Historical evidence across developing economies shows that when governments attempt to manage commercial retail spaces or complex mining operations directly, the ventures frequently collapse under the weight of bureaucratic inefficiency, resulting in severe losses borne entirely by ordinary taxpayers.

Having learned from these historical failures, the Ghanaian state naturally opted for the profit-sharing path, which automatically shifts the critical policy question away from passport nationalism toward absolute competence.
The primary focus of regulatory institutions must be assessing whether an operator possesses the requisite technical capacity to generate huge profits, employ thousands of local citizens, and deliver premium services.
When citizens blindly shield local operators from rigorous regulatory scrutiny simply because of their nationality, they inadvertently undermine the state’s capacity to verify if it is receiving a fair deal from its natural resources.
Prioritising State Benefits to Cure Extractive Sector Deficits
A thorough investigation into Ghana’s mining history reveals an urgent need to prioritize total state benefits over symbolic ownership percentages to salvage the national economy.
Over the decades, the country has frequently ranked as one of Africa’s top gold producers, yet structural deficits persist because public discourse remains heavily obsessed with the identity of the mine operators rather than the actual volume of corporate taxes, royalties, and dividends entering the national treasury.

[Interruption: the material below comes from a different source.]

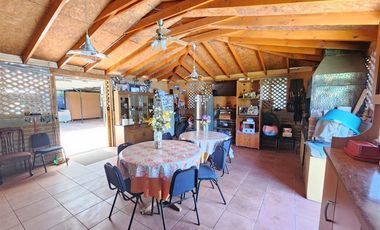 Casa en Venta en Sector 3 esquinas, Doñihue, Rancagua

“Having a hundred local individuals in charge of our mineral blocks means very little if the overall yield to the state cannot fund our national budget or stabilize our volatile local currency,” an extractives researcher noted in support of the thesis.
Maximizing fiscal take ensures that the non-renewable wealth of the nation is successfully transformed into permanent human capital and sustainable infrastructure.
Furthermore, focusing heavily on state benefits compels regulatory bodies like the Minerals Commission and the Ghana Revenue Authority to upgrade their technical auditing capabilities.
When the state prioritizes real fiscal returns, it actively invests in sophisticated tracking systems to monitor the exact volume of minerals extracted, preventing common industry malpractices such as transfer pricing and base erosion.
This shift in national priority forces both foreign multinationals and indigenous conglomerates to operate under the same strict rules of accountability, ensuring maximum transparency across the entire value chain.
Constructing a Sustainable Framework for Local Content
The ultimate objective of any progressive mineral policy must be achieving a healthy equilibrium where the state enjoys massive financial inflows while systematically building the capacity of indigenous businesses to manage complex operations.
This dual triumph cannot be achieved through emotional protectionism or by treating local corporate entities as above public criticism.
Instead, it requires a structured, policy-driven local content framework that penalizes inefficiency while aggressively upskilling local engineers, suppliers, and managers to compete globally.

By filtering natural resource conversations through a sober policy lens, Ghana can move away from the toxic cycles of personalization that stifle honest intellectual debate.
National transformation occurs when citizens collectively demand strict institutional accountability, transparent bidding processes, and optimal fiscal returns from whoever holds a mining license.
Only when the country prioritizes aggregate national benefits over narrow individual identities will Ghana’s subterranean wealth truly reflect in the living standards of its populace.